Alexia Angeli, en impressionniste, dresse un tableau résolument vivant : une anti nature morte !

  

  

Le mur

  

J’habite un village, dans une partie intime de l’île, un endroit paisible dont les murs, écritures de pierre, retiennent les silences. Moi j’entends des bruits sourds, comme ceux d’un cœur battant…

J’entends des enfants jouer aux billes ou au ballon, la craie crissant sur le tableau noir de l’école, les brosses savonneuses frictionnant le linge au rebord du lavoir. J’entends la conversation des femmes assises le soir devant leur porte, les coups de fusils, l’aboiement des chiens, le tintement des troupeaux, le camion de l’épicier. J’entends la joie de ceux qui s’attroupent autour des premières voitures empruntant cette route. J’entends l’orage qui foudroie un câble électrique privant les foyers de chaleur et de lumière.
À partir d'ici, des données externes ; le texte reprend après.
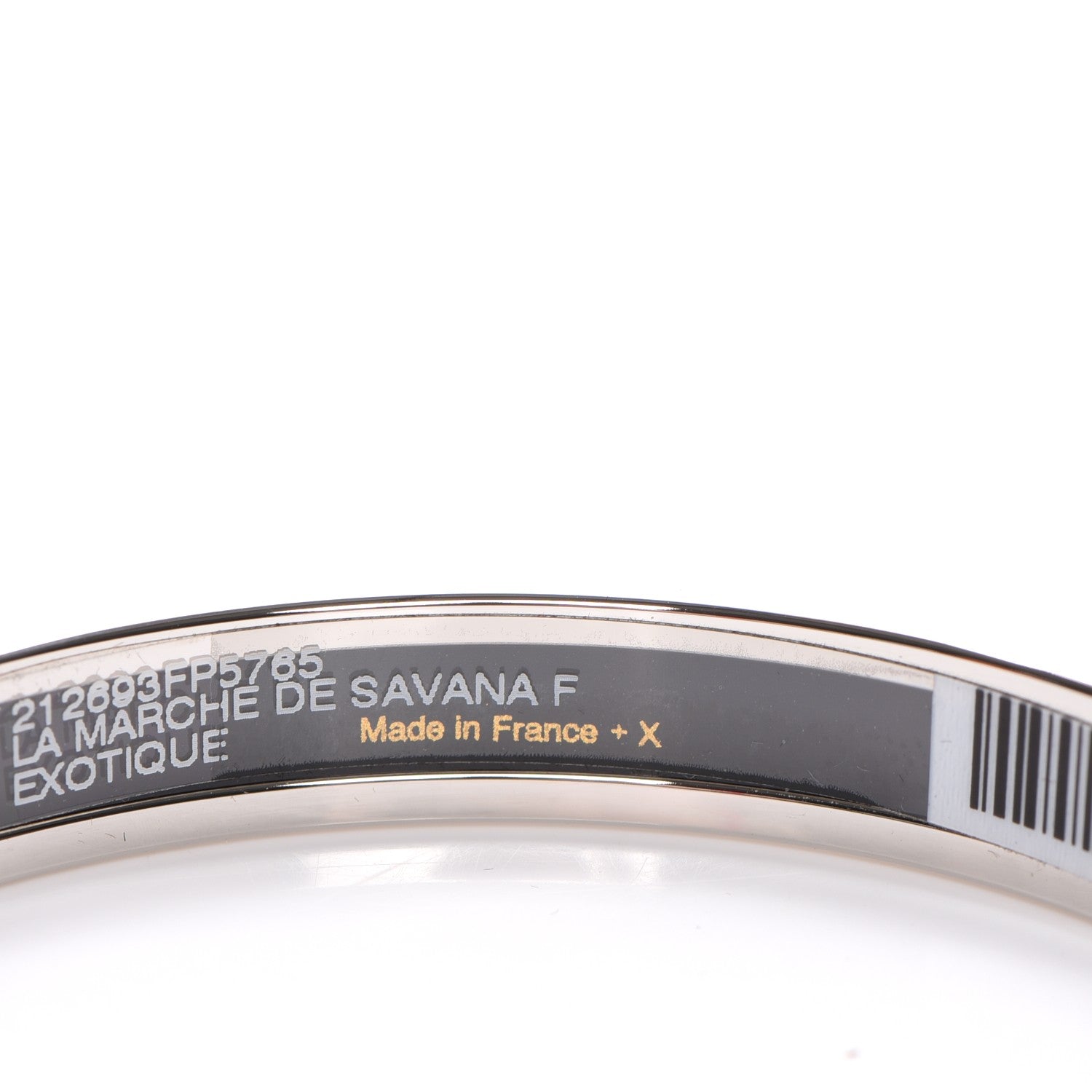 Hermes Enamel Printed Narrow La Marche de Savana Bracelet 85 Exotique 5 of 6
L’accès au village est inchangé, mais il n’y a plus personne. On imagine un cortège de fantômes, un peuple de disparus. On découvre des jardins abandonnés et quelques fruits en putréfaction.

Je fais partie des murs, mais n’abrite que du vide. Nul ne me regarde sauf lui qui a fait des kilomètres pour me trouver. Il donne de l’importance à ce que je lui raconte et entend les battements sourds qui font écho au temps passé.

Il préfère la mer. Il voit en elle une toile inspirante. Il aime peindre les oiseaux, les goélands et contemple chaque matin les mouvances changeantes de l’eau.

Il préfère les gens de dos pour respecter leur part inaccessible. Il entre en catimini dans sa toile et ne se retourne jamais. Les autres le regardent. Il semble faire partie du tableau. Il se perche sur une échelle pour ébaucher les nuances les plus pures du ciel. Sur la palette des saisons, il privilégie le printemps et l’automne. C’est un intervalle entre deux teintes, deux rêves, deux âges. Entre deux mondes.

La peinture est dans ses doigts, ses poignets, entre son pouce et son index. Elle est dans son cœur, son esprit et son âme absentée au monde.

Il m’a choisi moi, un simple mur. Je suis le seul à le voir de face. Grâce à lui s’étire une plage, se pose un toucan ou volent des papillons. Parfois, sur le nuancier de ses songes, apparait une couleur plutôt qu’une autre, une personne plutôt qu’une autre, un endroit plutôt qu’un autre.

Il commence toujours par m’écouter. Je lui fais confiance. Il m’inspire autant que je peux l’inspirer. Je m’abandonne au gré de ses courbes et de ses couleurs. Il me regarde avec insistance. Une sorte de mise à nue provocante qui entraine une désinvolture bouleversante entre lui et moi. Il me transperce, jusque dans ma chair, une chair froide de crépis qu’il recouvre de couleurs chaudes. Il a choisi de faire corps avec moi. J’aime, la caresse de son pinceau, le va-et-vient de sa main, son éjection de peinture. Je perçois son souffle saccadé. Ses yeux me racontent quelque chose que je suis le seul à percevoir.

 

J’habite la ville qu’on empêche de dormir. Devant moi, en permanence, passe une multitude de gens. En face, une boite de nuit, des restaurants, quelques commerces… Sur moi, de vieilles affiches tombent en lambeaux et des tags de slogans révolus s’estompent doucement.

Il m’a libéré des souillures. Il m’a donné une chance de me voir autrement. Pourtant, ici ou ailleurs, je suis le même mur, mais lui a su m’entendre et prendre ma détresse en considération. Je suis le support de ses songes.

Après son passage, on me regarde, émerveillé. Pourtant, j’ai toujours été là. Les gens croient me connaître, me reconnaître. En réalité, ils n’entendent pas ce que lui et moi, nous entendons : les mêmes bruits sourds, comme ceux d’un cœur battant…

Je suis à la fois ce mur et tous les autres, silencieux mais vivants.